As one of the nation’s leading academic centers for biomedical research, the University of Pittsburgh School of Medicine integrates advanced technology with basic science across a broad range of disciplines in a continuous quest to harness the power of new knowledge and improve the human condition. Driven mainly by the School of Medicine and its affiliates, Pitt has ranked among the top 10 recipients of funding from the National Institutes of Health since 1997.
Likewise, the School of Medicine is equally committed to advancing the quality and strength of its medical and graduate education programs, for which it is recognized as an innovative leader, and to training highly skilled, compassionate clinicians and creative scientists well-equipped to engage in world-class research. The School of Medicine is the academic partner of UPMC, which has collaborated with the University to raise the standard of medical excellence in Pittsburgh and to position health care as a driving force behind the region’s economy. For more information about the School of Medicine, go to www.medschool.pitt.edu.
Carnegie Mellon (www.cmu.edu) is a private, internationally ranked research university with programs in areas ranging from science, technology and business, to public policy, the humanities and the arts. More than 11,000 students in the university’s seven schools and colleges benefit from a small student-to-faculty ratio and an education characterized by its focus on creating and implementing solutions for real problems, interdisciplinary collaboration and innovation. A global university, Carnegie Mellon’s main campus in the United States is in Pittsburgh, Pa. It has campuses in California’s Silicon Valley and Qatar, and programs in Africa, Asia, Australia, Europe and Mexico.

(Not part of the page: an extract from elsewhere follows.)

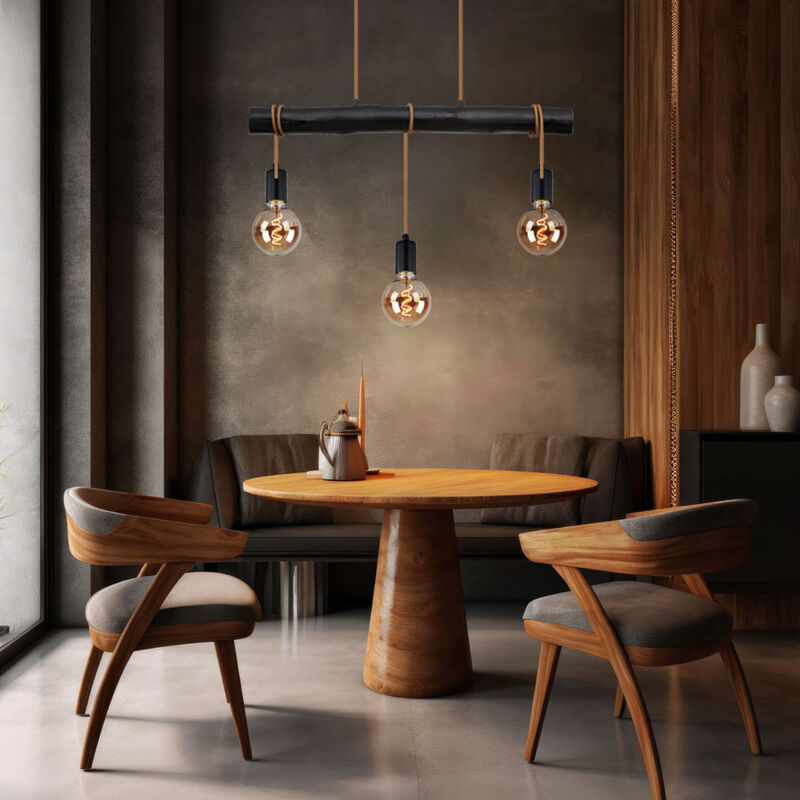 foto del prodotto lampada a sospensione tavolo da pranzo lampada a sospensione nera lampada da soggiorno moderna, lampada in legno corda a 3 luci regolabile in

The Pittsburgh Supercomputing Center (www.psc.edu) is a joint effort of Carnegie Mellon University and the University of Pittsburgh together with Westinghouse Electric Company. Established in 1986, PSC is supported by several federal agencies, the Commonwealth of Pennsylvania and private industry, and is a partner in the National Science Foundation XSEDE program. The National Resource for Biomedical Supercomputing (NRBSC) was established in 1987. As part of PSC, the NRBSC focuses on computational biomedical research at the interface of supercomputing and the life sciences.